Le musicien britannique Fred Again.. a également connu une montée en flèche de sa popularité cette année alors que les auditeurs se pressaient autour de ses créations maison émouvantes et ressemblant à du bricolage, reconstituées à partir de véritables extraits audio tirés de sa vie ou en ligne. Ses albums portent le nom de la période spécifique au cours de laquelle il les a créés – son dernier s’intitule Actual Life 3 (1er janvier — 9 septembre 2022) — résultant en une documentation musicale littérale et une interprétation du temps qui passe, une réconciliation de ces dernières années floues créées à son propre rythme.

La capacité de la musique house à brouiller le temps est un canevas pour les artistes qui donnent un sens à la confusion chronologique. Le pionnier du genre, Frankie Knuckles, était connu pour boucler les meilleures parties des chansons et couper les plus merdiques, construisant un terrain qui ne demandait qu’à être exploré à travers le mouvement sur la piste de danse. “Je n’arrivais presque pas à comprendre s’il y avait des chansons à la fois”, a déclaré Shanahan à propos des sets de Knuckles. “Parfois, c’était ce genre de paysage sonore.” Le retour de la musique house dans les charts révèle que sa superpuissance d’hypnotisme rythmique peut créer un nouveau sens du tempo biologique lorsque le nôtre a été déformé et devenu absurde.
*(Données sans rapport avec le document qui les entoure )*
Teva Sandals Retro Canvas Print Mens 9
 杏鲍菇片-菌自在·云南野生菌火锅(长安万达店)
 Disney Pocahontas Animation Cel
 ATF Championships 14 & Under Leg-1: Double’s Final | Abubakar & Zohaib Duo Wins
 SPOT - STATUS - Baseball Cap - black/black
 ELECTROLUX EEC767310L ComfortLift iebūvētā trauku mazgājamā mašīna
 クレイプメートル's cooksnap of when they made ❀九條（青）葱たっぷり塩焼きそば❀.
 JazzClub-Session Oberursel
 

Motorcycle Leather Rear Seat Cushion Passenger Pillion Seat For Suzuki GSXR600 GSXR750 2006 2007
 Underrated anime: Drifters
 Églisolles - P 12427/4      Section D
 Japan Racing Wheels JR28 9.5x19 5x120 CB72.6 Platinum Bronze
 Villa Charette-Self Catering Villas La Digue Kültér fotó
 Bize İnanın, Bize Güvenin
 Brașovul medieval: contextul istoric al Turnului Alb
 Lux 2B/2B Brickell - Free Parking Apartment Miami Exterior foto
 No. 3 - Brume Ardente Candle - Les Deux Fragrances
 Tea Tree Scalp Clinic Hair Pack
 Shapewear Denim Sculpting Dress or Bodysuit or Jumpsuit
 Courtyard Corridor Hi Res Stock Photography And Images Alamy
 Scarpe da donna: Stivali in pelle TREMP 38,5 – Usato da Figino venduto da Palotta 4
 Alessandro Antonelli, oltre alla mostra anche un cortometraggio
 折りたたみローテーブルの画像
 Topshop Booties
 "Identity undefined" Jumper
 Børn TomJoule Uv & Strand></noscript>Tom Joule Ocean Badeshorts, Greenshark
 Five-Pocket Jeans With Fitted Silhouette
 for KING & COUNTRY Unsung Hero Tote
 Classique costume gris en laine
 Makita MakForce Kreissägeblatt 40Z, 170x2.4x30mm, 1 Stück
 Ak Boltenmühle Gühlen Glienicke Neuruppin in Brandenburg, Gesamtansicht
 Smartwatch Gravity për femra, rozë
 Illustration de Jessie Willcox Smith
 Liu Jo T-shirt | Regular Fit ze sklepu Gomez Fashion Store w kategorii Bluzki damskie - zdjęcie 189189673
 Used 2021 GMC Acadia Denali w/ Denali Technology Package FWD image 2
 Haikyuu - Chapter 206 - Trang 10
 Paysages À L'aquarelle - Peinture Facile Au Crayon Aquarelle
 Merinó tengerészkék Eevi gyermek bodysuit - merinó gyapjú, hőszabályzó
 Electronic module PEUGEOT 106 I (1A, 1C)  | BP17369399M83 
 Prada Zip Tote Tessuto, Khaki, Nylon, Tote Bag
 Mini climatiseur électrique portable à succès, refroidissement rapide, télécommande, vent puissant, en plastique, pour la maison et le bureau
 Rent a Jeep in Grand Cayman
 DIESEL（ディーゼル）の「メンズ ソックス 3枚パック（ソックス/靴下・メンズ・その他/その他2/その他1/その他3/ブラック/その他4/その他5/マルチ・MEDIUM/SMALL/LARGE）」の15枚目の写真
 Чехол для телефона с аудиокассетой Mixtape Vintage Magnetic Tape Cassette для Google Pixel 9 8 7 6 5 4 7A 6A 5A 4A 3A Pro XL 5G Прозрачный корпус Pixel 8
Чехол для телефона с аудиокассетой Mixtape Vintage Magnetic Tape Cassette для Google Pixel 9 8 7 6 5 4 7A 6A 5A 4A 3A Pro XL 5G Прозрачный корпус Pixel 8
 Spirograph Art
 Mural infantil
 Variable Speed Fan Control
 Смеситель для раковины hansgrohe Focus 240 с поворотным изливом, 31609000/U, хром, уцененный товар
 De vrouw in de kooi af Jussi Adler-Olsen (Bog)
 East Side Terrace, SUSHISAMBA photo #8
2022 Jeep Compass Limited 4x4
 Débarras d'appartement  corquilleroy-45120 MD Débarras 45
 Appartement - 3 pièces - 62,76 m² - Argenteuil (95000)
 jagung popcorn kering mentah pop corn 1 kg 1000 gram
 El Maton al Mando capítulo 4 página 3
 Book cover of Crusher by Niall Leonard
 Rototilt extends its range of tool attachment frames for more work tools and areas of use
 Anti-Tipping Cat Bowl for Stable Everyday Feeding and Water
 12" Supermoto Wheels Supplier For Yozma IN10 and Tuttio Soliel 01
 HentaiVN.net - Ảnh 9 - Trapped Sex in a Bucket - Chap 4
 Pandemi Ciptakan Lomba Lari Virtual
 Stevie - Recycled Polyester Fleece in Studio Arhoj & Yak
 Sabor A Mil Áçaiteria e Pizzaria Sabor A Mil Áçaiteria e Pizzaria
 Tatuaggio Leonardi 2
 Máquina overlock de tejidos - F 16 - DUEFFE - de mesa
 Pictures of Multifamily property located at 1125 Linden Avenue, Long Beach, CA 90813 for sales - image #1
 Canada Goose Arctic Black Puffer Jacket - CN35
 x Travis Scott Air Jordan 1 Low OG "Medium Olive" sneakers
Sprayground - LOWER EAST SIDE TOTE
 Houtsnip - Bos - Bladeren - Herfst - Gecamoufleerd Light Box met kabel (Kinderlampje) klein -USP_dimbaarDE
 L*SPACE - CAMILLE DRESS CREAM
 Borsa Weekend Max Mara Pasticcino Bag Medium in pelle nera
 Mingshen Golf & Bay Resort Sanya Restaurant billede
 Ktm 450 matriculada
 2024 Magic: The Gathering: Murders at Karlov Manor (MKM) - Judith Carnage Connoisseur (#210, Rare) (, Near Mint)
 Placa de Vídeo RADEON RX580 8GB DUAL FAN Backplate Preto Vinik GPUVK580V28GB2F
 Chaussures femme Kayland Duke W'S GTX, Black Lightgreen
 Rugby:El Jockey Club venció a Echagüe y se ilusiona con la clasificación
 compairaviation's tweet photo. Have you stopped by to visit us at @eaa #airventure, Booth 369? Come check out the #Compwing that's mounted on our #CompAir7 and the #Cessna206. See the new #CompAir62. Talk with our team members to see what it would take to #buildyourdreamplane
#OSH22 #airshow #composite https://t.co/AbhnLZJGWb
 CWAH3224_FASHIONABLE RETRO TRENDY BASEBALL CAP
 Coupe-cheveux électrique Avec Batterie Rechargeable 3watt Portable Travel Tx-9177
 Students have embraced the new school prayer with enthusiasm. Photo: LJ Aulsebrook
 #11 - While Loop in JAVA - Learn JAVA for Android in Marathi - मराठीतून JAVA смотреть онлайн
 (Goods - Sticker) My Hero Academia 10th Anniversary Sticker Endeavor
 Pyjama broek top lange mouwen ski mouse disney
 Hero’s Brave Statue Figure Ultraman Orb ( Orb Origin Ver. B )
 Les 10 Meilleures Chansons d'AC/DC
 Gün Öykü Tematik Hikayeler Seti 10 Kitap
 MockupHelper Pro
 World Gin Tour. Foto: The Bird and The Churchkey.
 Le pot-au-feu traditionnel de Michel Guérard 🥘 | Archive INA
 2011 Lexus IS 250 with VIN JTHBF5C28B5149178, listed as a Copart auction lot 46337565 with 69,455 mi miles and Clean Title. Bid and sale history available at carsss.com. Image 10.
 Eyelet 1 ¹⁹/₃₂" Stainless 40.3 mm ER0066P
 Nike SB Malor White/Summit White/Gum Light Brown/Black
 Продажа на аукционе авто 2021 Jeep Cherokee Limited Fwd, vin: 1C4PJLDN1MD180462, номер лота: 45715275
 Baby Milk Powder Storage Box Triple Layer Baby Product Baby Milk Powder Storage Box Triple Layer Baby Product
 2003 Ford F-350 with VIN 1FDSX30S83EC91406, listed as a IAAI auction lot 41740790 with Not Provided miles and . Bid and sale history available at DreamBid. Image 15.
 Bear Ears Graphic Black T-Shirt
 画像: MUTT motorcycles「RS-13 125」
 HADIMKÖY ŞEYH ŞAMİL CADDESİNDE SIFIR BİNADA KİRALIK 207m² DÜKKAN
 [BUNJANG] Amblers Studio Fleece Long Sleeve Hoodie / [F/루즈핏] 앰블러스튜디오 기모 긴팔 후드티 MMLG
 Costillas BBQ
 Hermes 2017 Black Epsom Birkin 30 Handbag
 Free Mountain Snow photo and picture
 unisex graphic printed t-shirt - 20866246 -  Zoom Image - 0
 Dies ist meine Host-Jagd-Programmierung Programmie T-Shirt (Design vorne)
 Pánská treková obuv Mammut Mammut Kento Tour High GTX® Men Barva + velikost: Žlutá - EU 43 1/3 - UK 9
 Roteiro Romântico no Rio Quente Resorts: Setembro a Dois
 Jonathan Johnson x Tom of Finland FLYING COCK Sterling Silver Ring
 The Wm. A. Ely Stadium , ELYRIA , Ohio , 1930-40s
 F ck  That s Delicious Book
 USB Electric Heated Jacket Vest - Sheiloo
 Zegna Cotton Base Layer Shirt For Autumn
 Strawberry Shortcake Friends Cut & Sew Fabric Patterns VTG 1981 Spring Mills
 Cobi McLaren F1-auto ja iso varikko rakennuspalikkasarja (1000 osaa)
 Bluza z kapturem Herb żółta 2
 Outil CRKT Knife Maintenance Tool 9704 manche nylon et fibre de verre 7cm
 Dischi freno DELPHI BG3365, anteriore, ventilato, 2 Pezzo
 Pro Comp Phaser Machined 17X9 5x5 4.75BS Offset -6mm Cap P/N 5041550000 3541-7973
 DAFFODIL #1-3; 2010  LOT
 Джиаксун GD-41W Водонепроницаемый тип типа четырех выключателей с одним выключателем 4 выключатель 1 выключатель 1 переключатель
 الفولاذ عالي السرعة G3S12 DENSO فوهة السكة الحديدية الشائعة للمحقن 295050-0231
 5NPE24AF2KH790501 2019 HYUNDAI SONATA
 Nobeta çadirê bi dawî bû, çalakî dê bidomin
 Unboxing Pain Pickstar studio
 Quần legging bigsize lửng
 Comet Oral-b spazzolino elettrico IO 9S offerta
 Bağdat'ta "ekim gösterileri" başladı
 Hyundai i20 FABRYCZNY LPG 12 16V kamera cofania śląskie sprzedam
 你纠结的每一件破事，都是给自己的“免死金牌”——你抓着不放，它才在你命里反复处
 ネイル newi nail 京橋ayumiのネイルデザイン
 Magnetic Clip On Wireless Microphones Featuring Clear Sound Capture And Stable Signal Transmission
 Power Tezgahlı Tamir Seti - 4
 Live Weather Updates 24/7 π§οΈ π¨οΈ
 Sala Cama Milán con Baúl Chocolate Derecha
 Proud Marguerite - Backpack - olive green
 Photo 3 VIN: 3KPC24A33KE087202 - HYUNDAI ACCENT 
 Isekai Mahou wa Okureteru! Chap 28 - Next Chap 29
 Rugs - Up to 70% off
Trois ans après 2020 et il semble que la majeure partie du monde ait quelque peu atteint une nouvelle normalité solide – nous voyageons plus, rassemblons plus et reconstruisons nos vies. Avec le passé récent qui apparaît comme un fantôme et un immense sentiment d’incertitude pour l’avenir (sera y aura-t-il une autre élection sociopathe ou une récession imminente ?), la nouvelle forme de house music démontre qu’il existe encore des sanctuaires qui peuvent être trouvés, créés, entretenus. Cela a toujours été une force revitalisante, donnant naissance à de nouveaux mondes et à des poches de temps dans un monde qui se sent énormément éclaté.